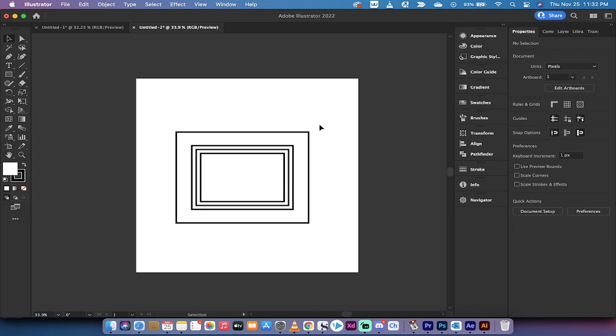Using just one technique called Offset Path. That's how you do it inside Adobe Illustrator. Thank you for watching, I've got a ton more tutorials coming up, stay tuned.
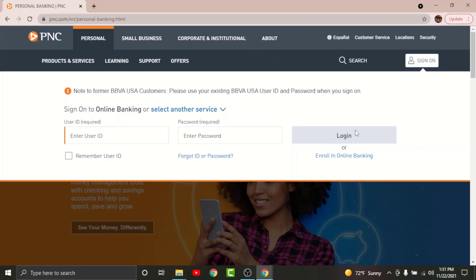Once you have entered the login information, just go and tap onto the login option and you will have successfully logged into your BBVA online banking account. So with all this information, I think you can log into your BBVA online banking account in no time.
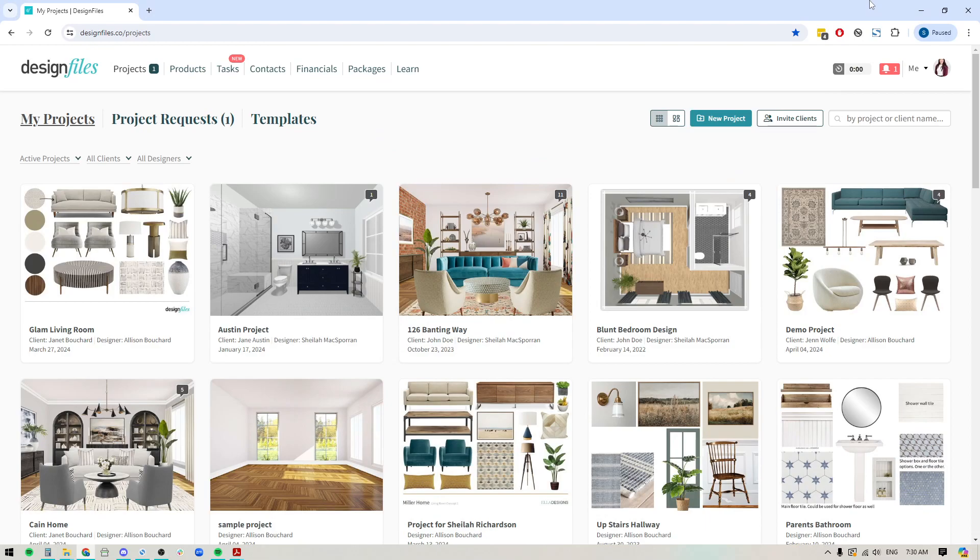Hey folks, Sheila here from Design Files. I just wanted to pop on with a quick video because we had a lot of requests from our members to include paint swatches on their spec sheets.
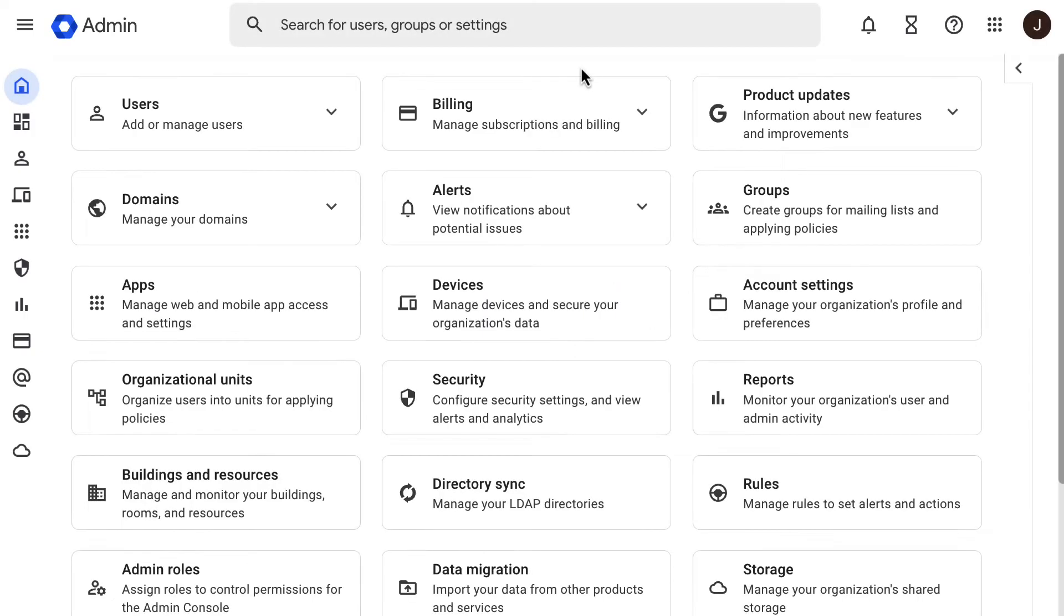As a Google Workspace administrator, you might be required to perform data migration, such as email, calendar, and contacts from another Google Workspace account, Gmail account, or a third-party service provider to your Google Workspace account.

* _Exercise directions_
Starting at the first line of the material, output exactly the lines up to and including the one with "Hey folks, Sheila". Do not include the pictures.

* _Result below_
Using just one technique called Offset Path. That's how you do it inside Adobe Illustrator. Thank you for watching, I've got a ton more tutorials coming up, stay tuned.
Once you have entered the login information, just go and tap onto the login option and you will have successfully logged into your BBVA online banking account. So with all this information, I think you can log into your BBVA online banking account in no time.
Hey folks, Sheila here from Design Files. I just wanted to pop on with a quick video because we had a lot of requests from our members to include paint swatches on their spec sheets.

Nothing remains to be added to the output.